• _Raw data_
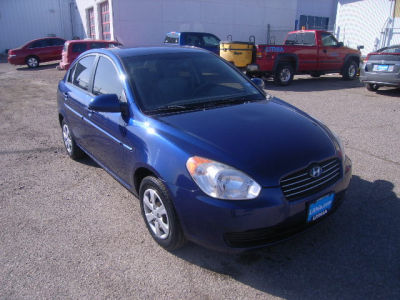 2008 Hyundai Accent  GLS
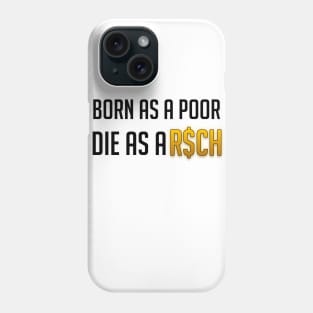 Motivational Quote Phone Case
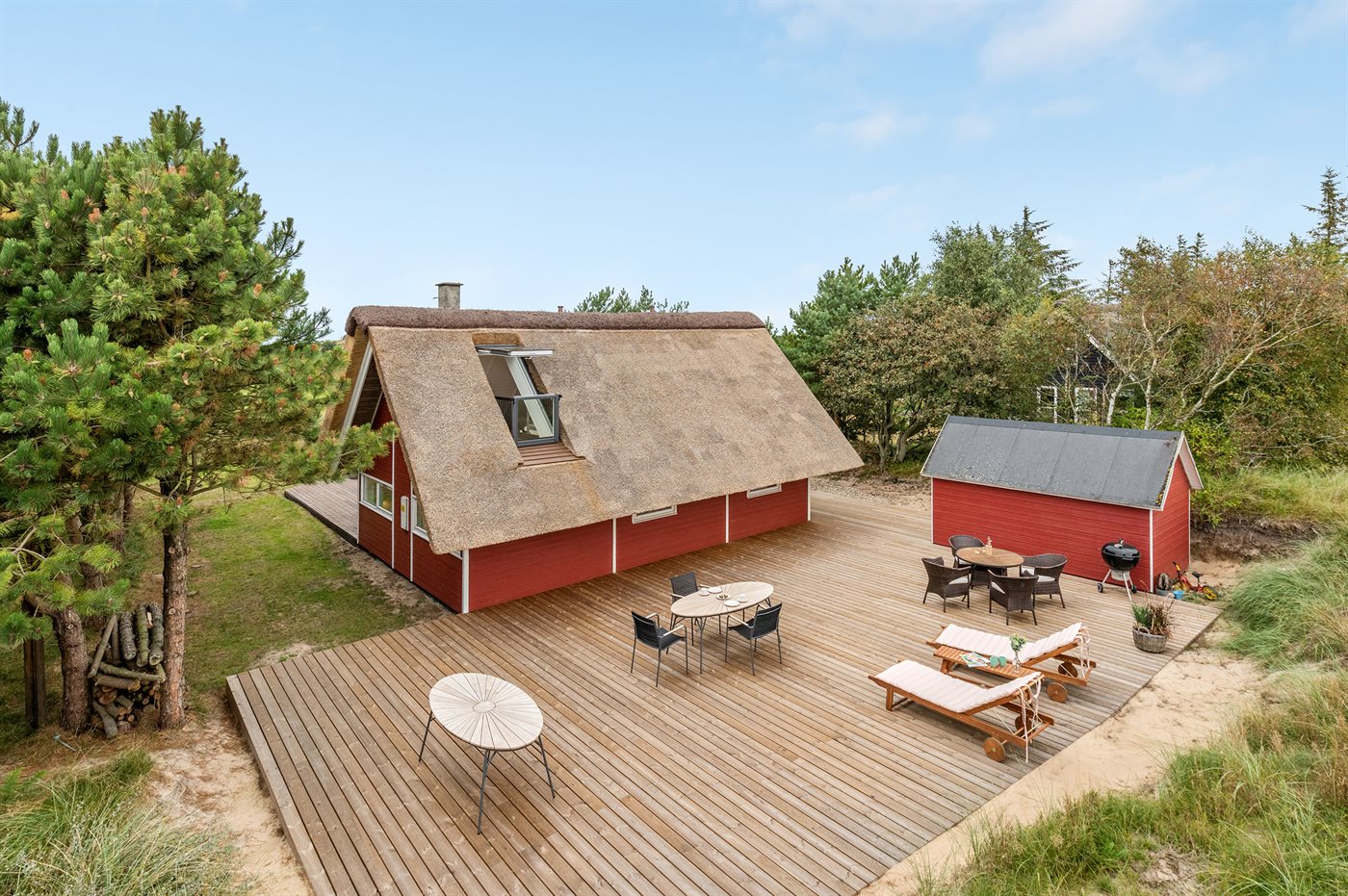 Ferienhaus 29-1995 in Römö, Toftum - Bild 2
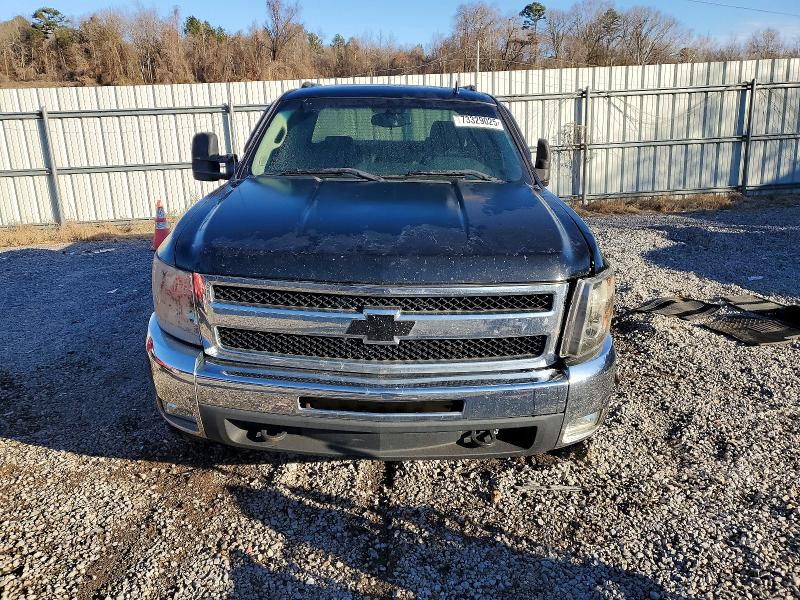 Photo 5 from auction – 2011 CHEVROLET SILVERADO with VIN 3GCPKSE32BG343267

• _Work item_
Transcribe all the data word for word; the images stay out.

• _Solution to this exercise_
 2008 Hyundai Accent  GLS
 Motivational Quote Phone Case
 Ferienhaus 29-1995 in Römö, Toftum - Bild 2
 Photo 5 from auction – 2011 CHEVROLET SILVERADO with VIN 3GCPKSE32BG343267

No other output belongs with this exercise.